Adriaan Alsema | Colombia Reports | March 26, 2017
In a historic vote, a central Colombia town banned plans to build what would be the ‘world’s largest open pit goldmine,” creating a major stand-off with multinational mining giant Anglo Gold Ashanti, which has said it would advance the project.
The Colosa project in Cajamarca, Tolima was South African mining giant Anglo Gold Ashanti’s biggest bet in Colombia, until Saturday when the local population banned all mining from its territory in a landslide vote.
According to the National Registrar, 6,165 townsmen voted “No” to all mining exploration and excavation activities. Only 76 people voted ‘Yes’.”
The vote obligates the town council to formally ban all mining activity from the municipality.
Never before has a Colombian municipality banned controversial mining practices from its territory, effectively ending whatever mining titles may have been granted by the national mining agency.
Ahead of the vote, Anglo Gold said a “No” vote would have “minimal” effect, claiming the referendum only applies to future titles, while the company had already been exploring since 2002, reported newspaper El Espectador.
Judicial experts, however, said the mining company was wrong, primarily because business deals do not transcend state decisions.
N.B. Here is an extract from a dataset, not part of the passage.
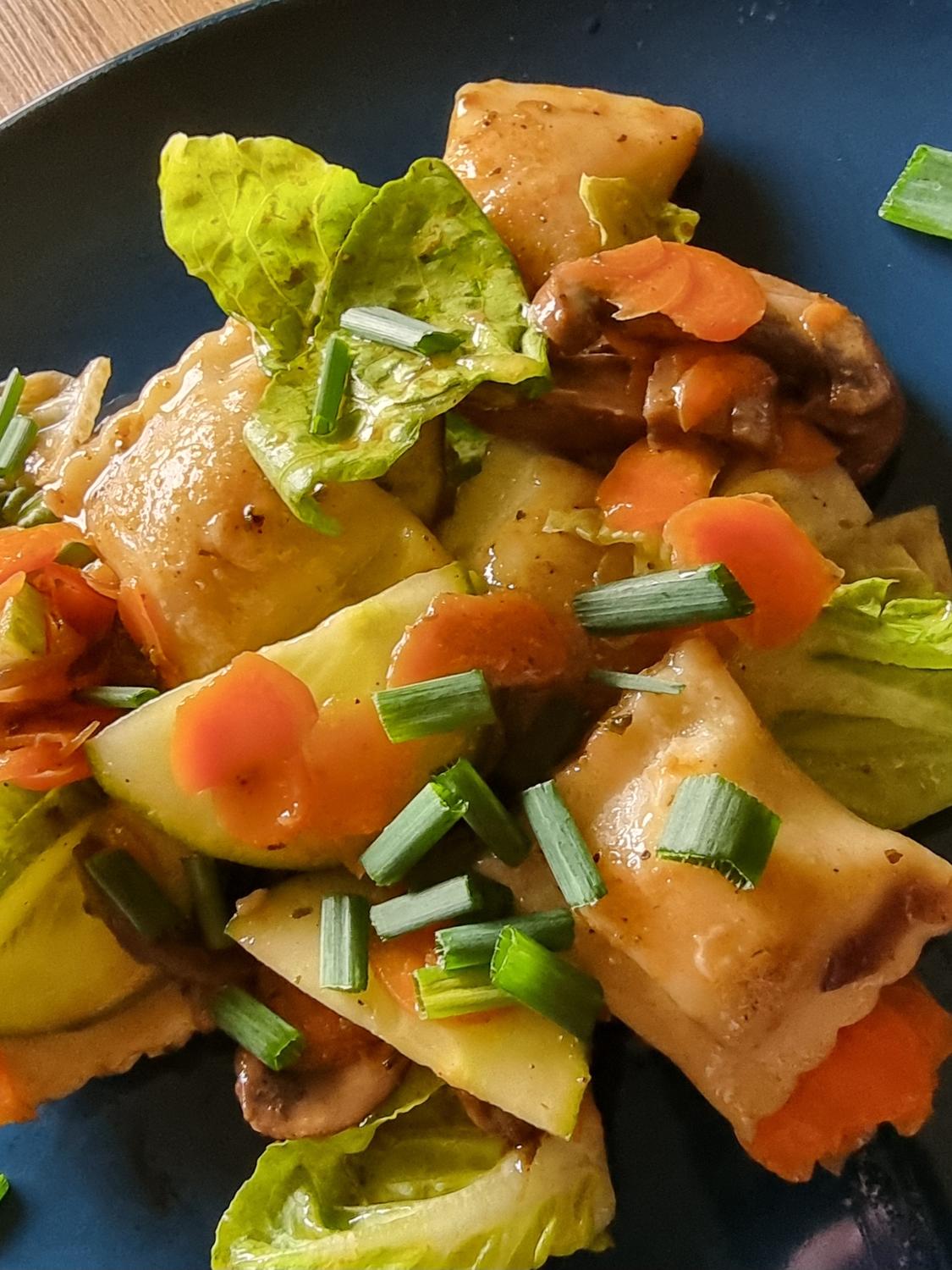 Veganer Maultaschen-Salat - Rezept mit Bild - kochbar.de
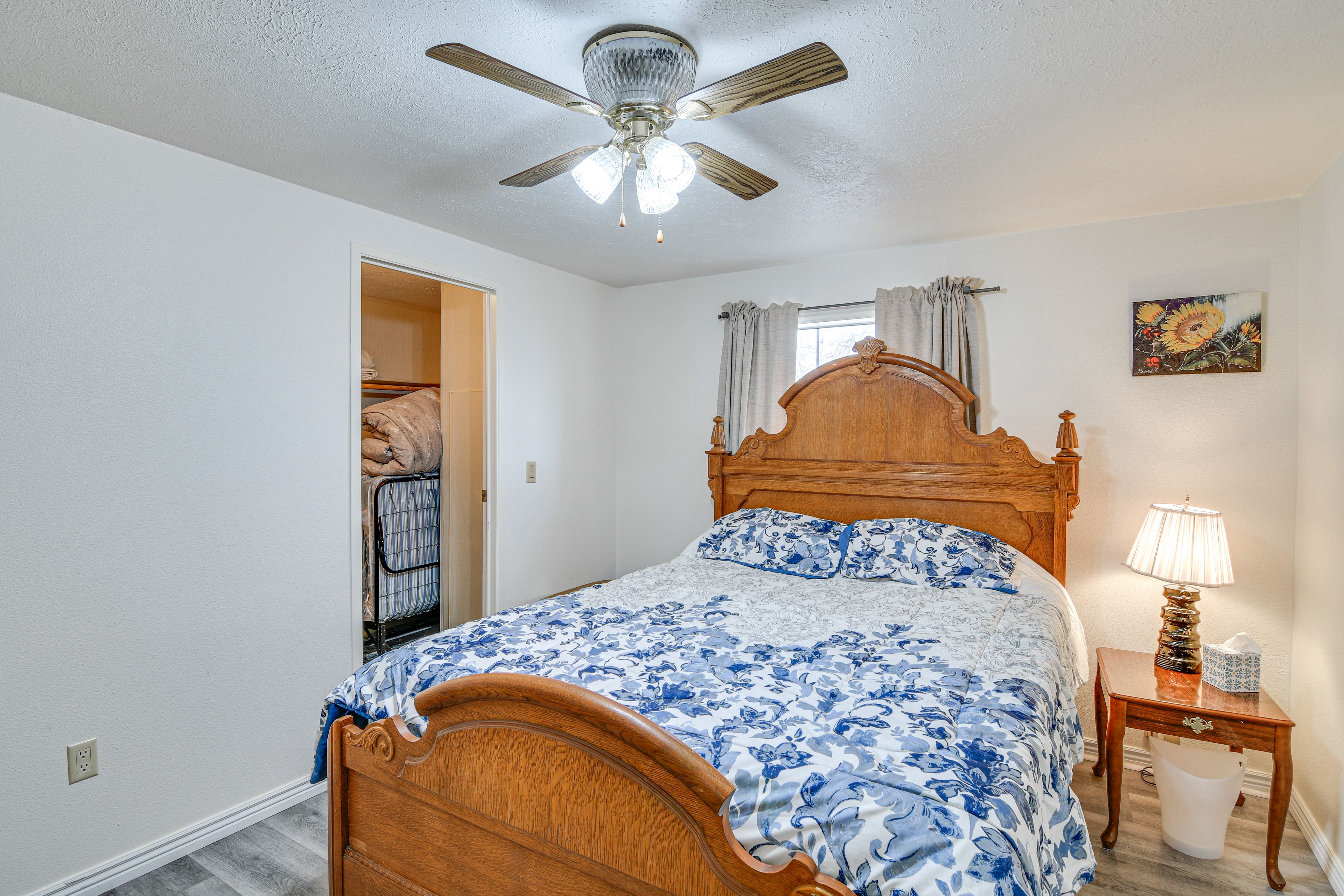 Bedroom 3 | Queen Bed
If an activity is prohibited by law, it becomes illegal activity.
Additionally, “they don’t have an environmental license to carry out exploration activities. If ‘No’ wins in the popular vote, it would be absurd if the company were to continue the project,” Dejusticia expert Diana Rodriguez told the newspaper ahead of the vote.
While the town may have avoided becoming the world’s largest gold mine, it has created a problem of epic proportions for the national government, which could be sued before an international tribunal if the state is accused of having breached a contract with a private foreign company.
This could not just cause a AngloGold Ashanti vs. Colombia case, but a downpour of lawsuits against the nation.
Since 2001, mining companies have requested mining titles covering 20% of Colombia’s national territory through some 20,000 exploration and exploitation requests, according to the Center for Investigative Journalism CIPER in 2011.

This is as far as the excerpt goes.